Map for the synthetic method of nanoemulsion

2.2.3 Hydraulic fracturing fluids

The slickwater fracturing fluid (SWF) is composed of 0.05 wt% drag reducer and 2.00 wt% KCl, which is prepared based on the formulation used in oil fields. The viscosity of slickwater is 1.12 mPa s, which is close to that of water.

The guar gum fracturing fluid (GGF) includes 0.50 wt% hydroxypropyl guar gum, 0.30 wt% crosslinking stabilizer, 0.40 wt% crosslinker, 0.10 wt% gel breaker, and 2.00 wt% KCl powder, which is prepared based on the formulation used in oil fields.

Two sets of fluids were prepared for each fracturing fluid in this study.
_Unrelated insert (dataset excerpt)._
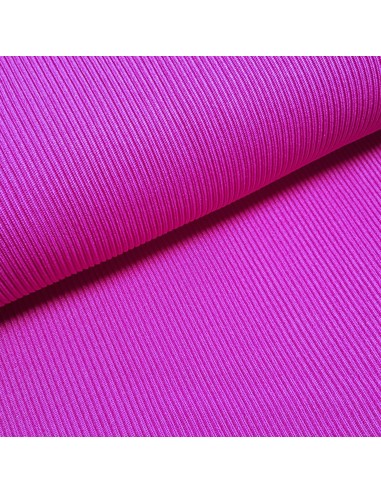 Tissu, Jersey Côtelé Tubulaire, Fuchsia Intense, Laize 50 cm Tubulaire, Coton Stretch Oeko-Tex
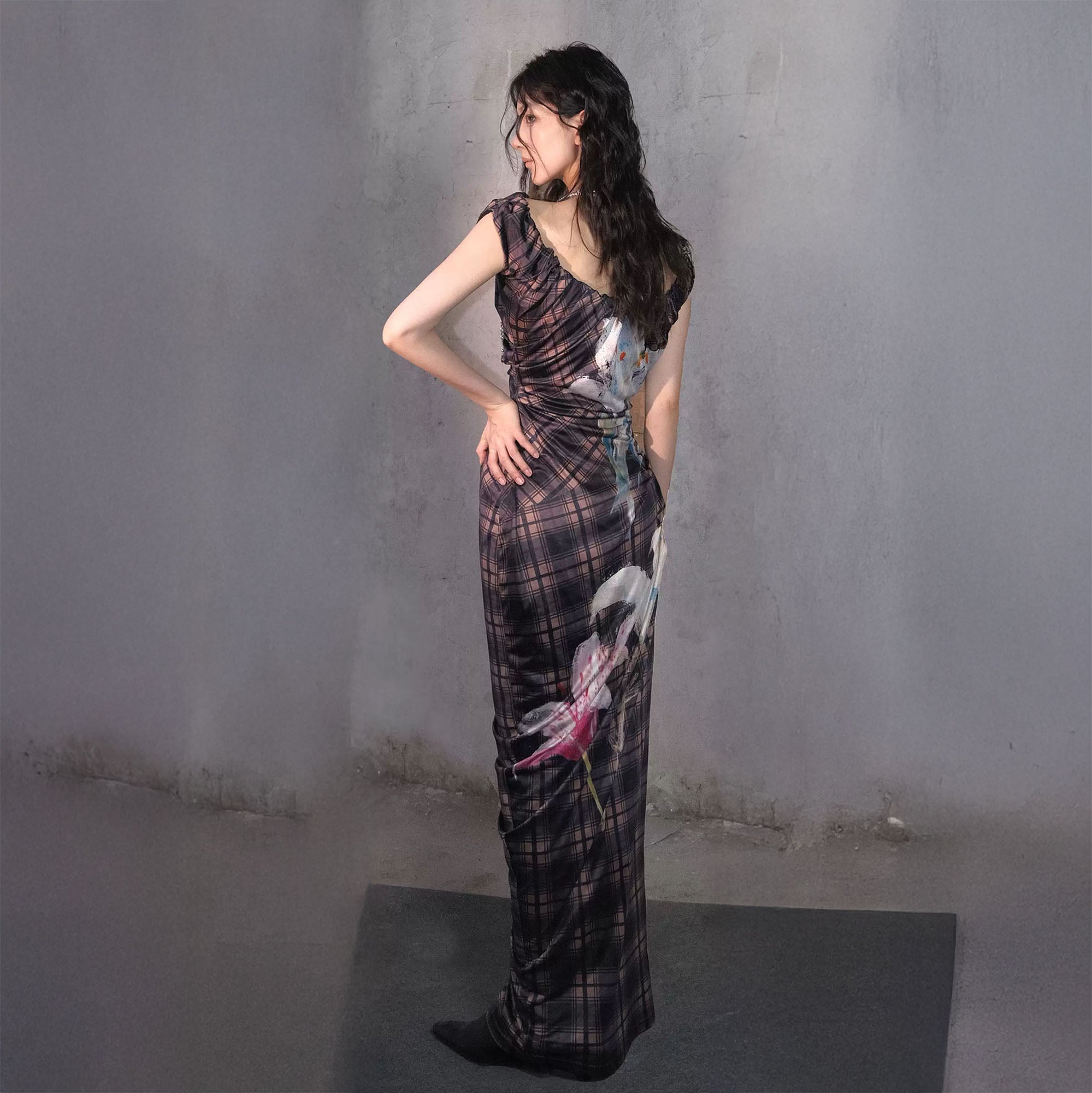 WHYNOTDANCE Ruched Plaid Floral Maxi Dress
The first set of fluids was prepared based on the formulation used in oil fields, i.e., without any nanoemulsion. The second sets of fracturing fluids were prepared by adding nanoemulsion to the first set of fluids to evaluate the effect of nanoemulsion on the removal of water blocking damage, in which the nanoemulsion concentration was 0.30 wt% in the fracturing fluid.

Before use the two sets of guar gum fracturing fluid were placed in a water bath and heated at 80 °C for 4 h until the gel was completely broken up. The unbroken guar gum fracturing fluid had a stable viscosity of 100 mPa s after shearing at 170 s−1 for 1 h at 120 °C. The broken fracturing fluid had a viscosity of 1.25 mPa s.

2.3 Experimental methods and procedures

2.3.1 Water blocking damage evaluation

Hydraulic fracturing is a process through which a large number of fractures of various sizes are created in the rock. These fractured fractures and the natural micro-fractures allow the natural gas and/or crude oil trapped in formations to move to the wellbore. The damage caused by water retention is different in the reservoir matrix and fractures. It is necessary to investigate the differences in water blocking damage to reservoir matrix (uncracked cores) and fractures (cracked cores).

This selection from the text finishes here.